I’m equally uncomfortable with every method. Outspending your peers doesn’t mean that you’re collecting intelligently, either in the work you’re choosing or the prices you’re paying for it. If anything, being the “most active” makes you the most vulnerable.
Amassing a collection with the highest aggregate monetary value seems nice. But as I’ve written many times before, fine art values are essentially a campfire story that we in the industry collectively agree to believe, even if we can’t agree on the specifics. Is Leonardo’s recently re-attributed Salvatore Mundi worth $80M or $200M? Is the total value of the Detroit Institute of Art's collection $867M or $8.5B? Was the escaped convict’s hook an actual prosthetic or just a weapon he grabbed from the prison’s kitchen before he tried to ambush those crazy kids necking in the woods? It’s all true. Some of it’s true. None of it’s true.

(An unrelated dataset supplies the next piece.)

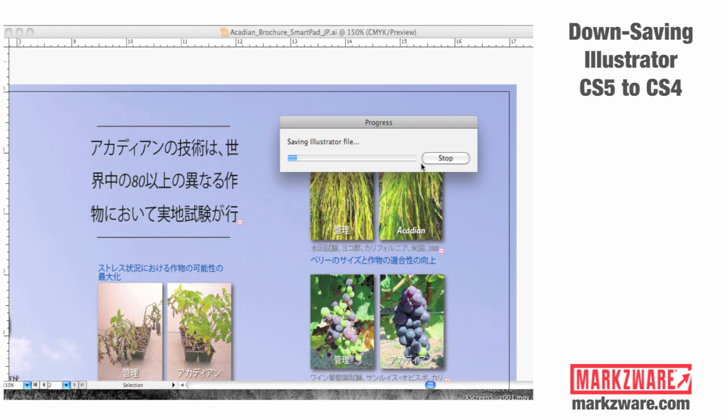Now, the problem arises when you only have CS4 and you don't have CS5, which is why Markzware offers the File Conversion Service, where we can help you convert down-save files in CS5 and otherwise recover files for you.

And as for reputation, projecting an image of greatness is no guarantee of actual greatness in any sphere of existence, especially today’s art market. In reality, all of these different metrics are about reputation: collectors who have bought a lot recently, collectors who have bought a lot historically, collectors who we think are likely to buy a lot soon. Given how much of the art market turns on relationships and back room gossip, there’s an argument that reputation is in fact the best tool for sifting the “top collectors” from the rest.
Except that some very serious, very wealthy, very active art collectors take great pains to function in secrecy. And if gallerists and dealers want to remain as their beneficiaries, they know to keep their mouths shut when publications come knocking for answers about this question.
In that sense, the “top collectors” are really the ones with the loudest and most persistent PR machines–the people who want to be known, whether for ego, social currency, or bigger discounts the next time they sashay onto a sales floor. The billing has little to do with collecting thoughtfully, with building cohesive holdings that reflect personal taste or an actual point of view, with promoting anything more substantive in the arts than the bottom lines of some prominent salesmen.
It might not seem as though there are any tangible stakes attached to the use (or misuse) of this designation. But whether someone is pumped as a “top collector” or not, and by whom, tells a story about where we are right now in the arts. However the lists are determined, they codify the people most emblematic of the current state of the art market–which is increasingly the current state of the arts as a whole. They are the collectors we most deserve. And from that perspective, the term and the lists compiled from it may have more meaning than the rest of us want to believe.